As for a brief history on the cathedral, it is currently standing on the highest point in London and was built in the 16th and 17th centuries by Sir Christopher Wren. Its current construction was created after the original cathedral burnt down in the Great Fire of 1666.
The library’s only point of access is found by climbing a winding staircase that wraps around a central pillar. (The pillar now has an elevator inside of it, but the original architect wanted it to be a space for a telescope!) The staircase is dimly lit with warm lighting and concrete floors and walls. The steps have modern black grips placed on the edging, but the cathedral’s original concrete interior can still be seen peaking out from underneath.
Once you climb the hundred and forty stairs to the second floor, you make your way though a green wooden door. The door is heavily bolted from the inside, as the library and its surrounding spaces are restricted from the public. Once inside, you enter small concrete room with two dome shaped windows on either side. Through the window on the right, you can see the top of the cathedral’s arched ceiling billowing out. The quarter dome gives the illusion of looking at the cathedral’s magnificent ceilings inside out. The window to the left opens as a door and provides entry to a wide set hallway that gives the feeling of an attic with its wooden beams, low set windows, and almost empty space. The few objects that reside in this hallway consist of a few marble busts and a wall of shelving that contains concrete and stone remains of the churches that stood previously on the cathedral’s sight. We are warned not to touch them as they are very brittle and will easily crack.

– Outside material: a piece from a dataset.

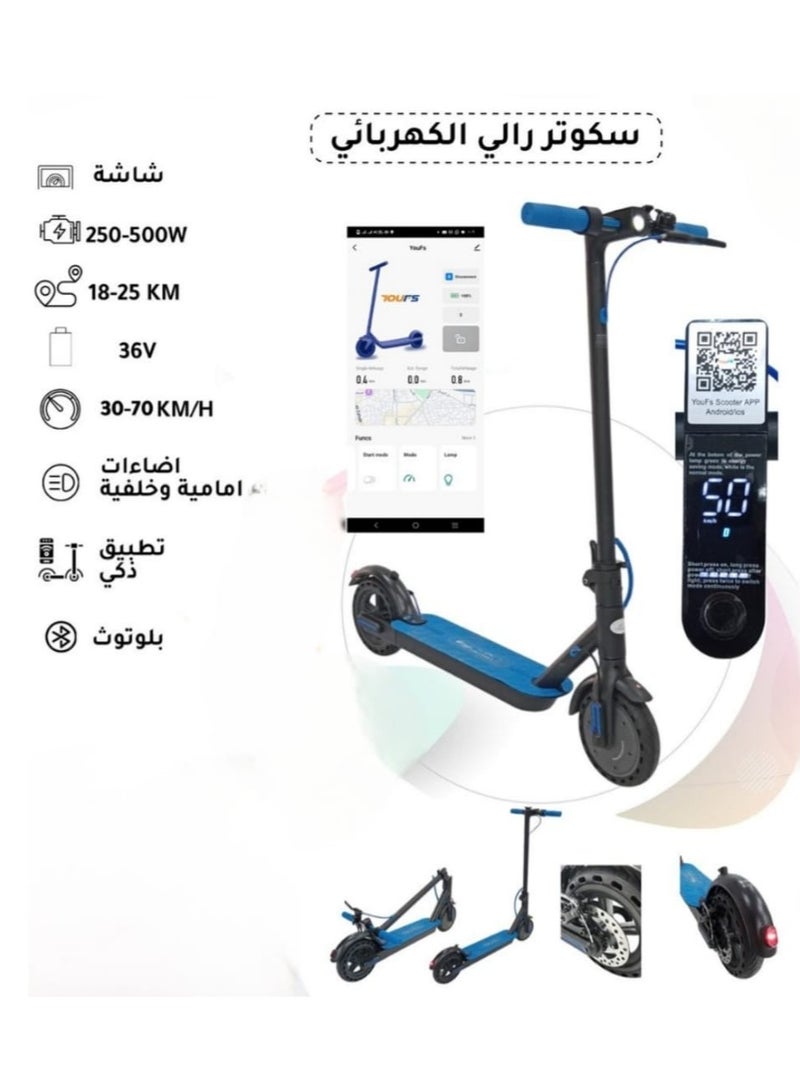 RALEIGH Rally electric scooter with front and rear lights, Bluetooth, and a smart application from Rally - Image 1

Once through the attic-like hallway, we stop in front of a large, dark wooden door to our left. The door is unlocked and we step inside to the library. There are a few things that hit you right when you walk in the door – first is the grandeur of the space. There is a gallery level that looks over the main floor – both house hundreds on hundreds of worn leather books. The books live in chocolate stained wooden shelving. The underside of the gallery walkway contains beautiful wooden motifs that elegantly curl as to create an illusion of the gallery’s weightlessness despite the large amount of books that they help support. Among the various busts and artifacts strewn across tables on the main floor, the objects that call for the most attention are the white stone fireplace and the portrait of the London Bishop that hangs above the mantel. Two large, arched windows stand across the form the entrance on the gallery level. They ascend until they touch the vault ceiling. The windows are framed by vertical relief sculptures of books and organic shapes and life and are each topped with a capital of a crown. The large, but intimate space makes it almost impossible to feel anything but breathless. The desire to sit in this warm, but delicate library in front of the fireplace while carefully thumbing through beautifully bound books is overwhelming.

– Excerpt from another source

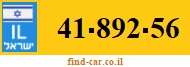 41-892-56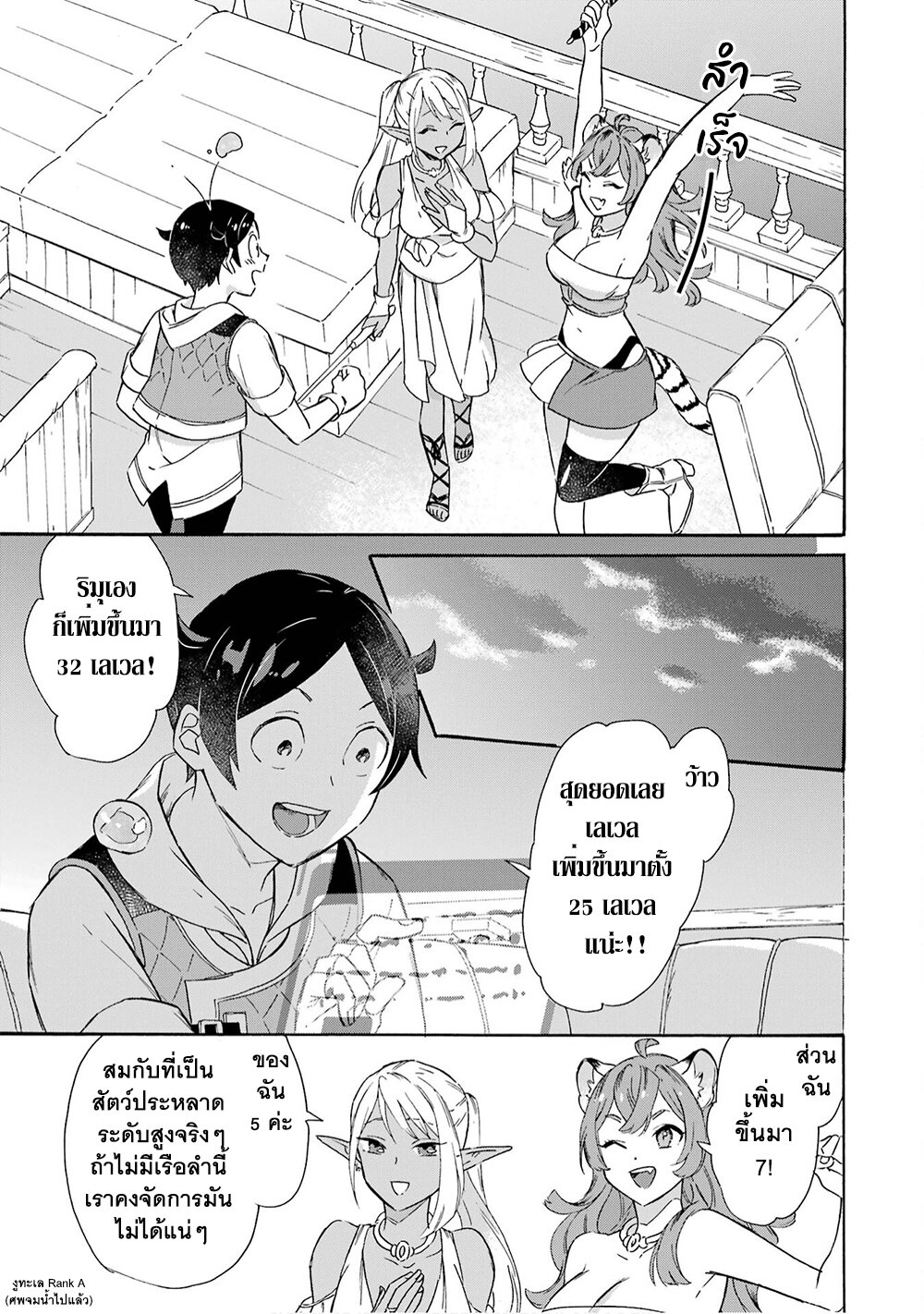 manga-sugoi.com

The second, and I think most distinct attribute of this library is the petrichor originating from the books themselves. The “old book smell’ that passes through your nose with each deep breath humbles you – mirroring the sense of awe that transpires inside the cathedral.
Perhaps this feeling is not by accident. Mr. Wisdom explained the importance of symmetry within the walls of of one of the Britain’s most magnificent cathedrals. He described the physical layout and floor plan of St. Paul’s and how how everything, from the rooms that edge the basilica to the parallel staircases tucked away behind bookcases, were symmetrical. So, maybe the mirroring achieved between the cathedral and the library supports this notion of symmetry – flowing seamlessly from the physicality of the spaces to the underlying feeling that they rouse within their patrons.